Saturday, April 27, 2013

X is for Xanadu

Xanadu is a word that has come up in popular culture, but Samuel Taylor Coleridge wrote a poem that used it back in 1798. The story I heard was that he wrote it under the influence of opium but was interrupted by some normal daily business, and when he tried to finish, the spell was gone. What he did complete became justifiably famous. Here is the first stanza.

Kubla Khan

In Xanadu did Kubla Khan
A stately pleasure-dome decree :
Where Alph, the sacred river, ran
Through caverns measureless to man
Down to a sunless sea.
So twice five miles of fertile ground
With walls and towers were girdled round :
And there were gardens bright with sinuous rills,
Where blossomed many an incense-bearing tree ;
And here were forests ancient as the hills,
Enfolding sunny spots of greenery.

7 comments:

Unknown said...

You didn't include the part of the poem where Gene Kelly rollerskates with Olivia Newton-John.
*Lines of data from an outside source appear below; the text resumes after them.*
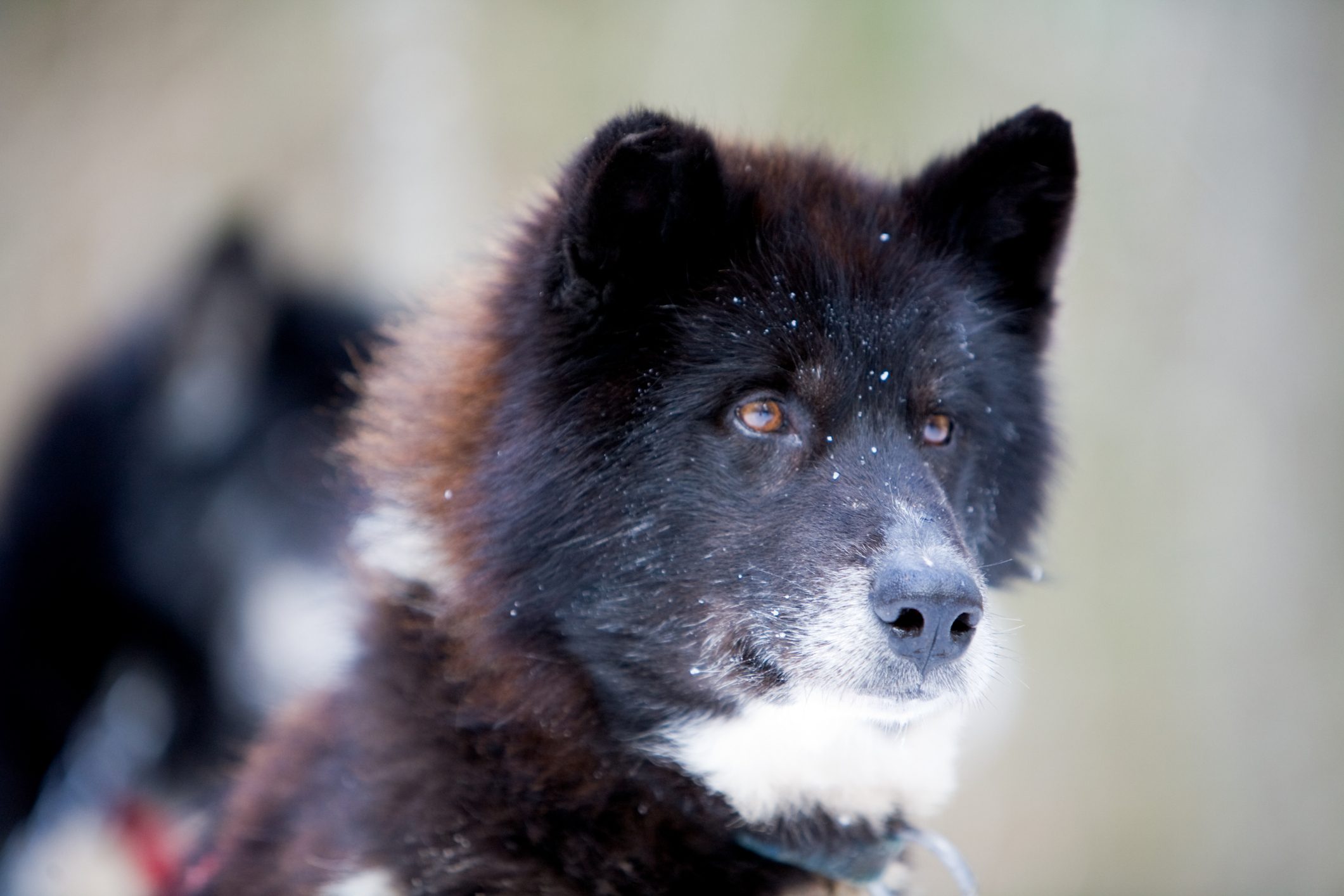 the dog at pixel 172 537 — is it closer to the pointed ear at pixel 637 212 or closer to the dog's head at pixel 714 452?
the dog's head at pixel 714 452

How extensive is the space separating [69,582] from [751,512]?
140 inches

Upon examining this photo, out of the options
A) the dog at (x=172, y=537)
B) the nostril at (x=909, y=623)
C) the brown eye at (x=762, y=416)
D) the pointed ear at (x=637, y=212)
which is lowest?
the dog at (x=172, y=537)

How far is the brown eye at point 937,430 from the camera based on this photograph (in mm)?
2441

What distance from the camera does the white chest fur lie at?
230 cm

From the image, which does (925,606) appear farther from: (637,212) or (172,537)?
(172,537)

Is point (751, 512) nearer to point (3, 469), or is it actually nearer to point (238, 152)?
point (3, 469)

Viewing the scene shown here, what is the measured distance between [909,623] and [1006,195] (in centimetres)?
110

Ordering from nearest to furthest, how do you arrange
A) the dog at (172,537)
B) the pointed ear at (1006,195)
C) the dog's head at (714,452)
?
the dog's head at (714,452) < the pointed ear at (1006,195) < the dog at (172,537)

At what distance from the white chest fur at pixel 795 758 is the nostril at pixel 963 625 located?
0.24 metres

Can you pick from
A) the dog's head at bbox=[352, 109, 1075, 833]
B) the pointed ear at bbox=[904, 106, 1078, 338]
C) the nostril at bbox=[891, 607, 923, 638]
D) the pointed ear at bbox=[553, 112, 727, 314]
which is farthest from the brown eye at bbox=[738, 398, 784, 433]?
the pointed ear at bbox=[904, 106, 1078, 338]

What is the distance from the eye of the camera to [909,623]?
2.08m

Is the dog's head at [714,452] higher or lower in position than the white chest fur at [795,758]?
higher

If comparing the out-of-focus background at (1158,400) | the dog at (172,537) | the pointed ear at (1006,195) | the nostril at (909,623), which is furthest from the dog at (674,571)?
the out-of-focus background at (1158,400)

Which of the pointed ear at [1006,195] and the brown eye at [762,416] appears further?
the pointed ear at [1006,195] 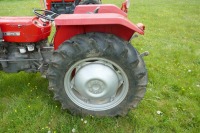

That's the best part ;)

Bob Sanchez said...

Cairn, I hate to show my cultural ignorance, but which part is that? This is just the first stanza.

L. Diane Wolfe said...

LOL! Bob, it's the movie Xanadau. And that was the first thing that came to my head, too.

Bob Sanchez said...

Then how about this, Diane?

In Xanadu did Newton-John
A stately pleasure-dome decree

Nick Wilford said...

I like the opium story. Don't rely on it myself, but I hate being interrupted by annoying "real life" stuff too!

Unknown said...

Was that poem a requirment of schools everywhere? Maybe it was a Massachusetts thing? I think I can still recite it.

Bob Sanchez said...

Zoe, I was introduced to the poem in high school, but can't say which grade. The entire poem is longer than the first stanza I posted.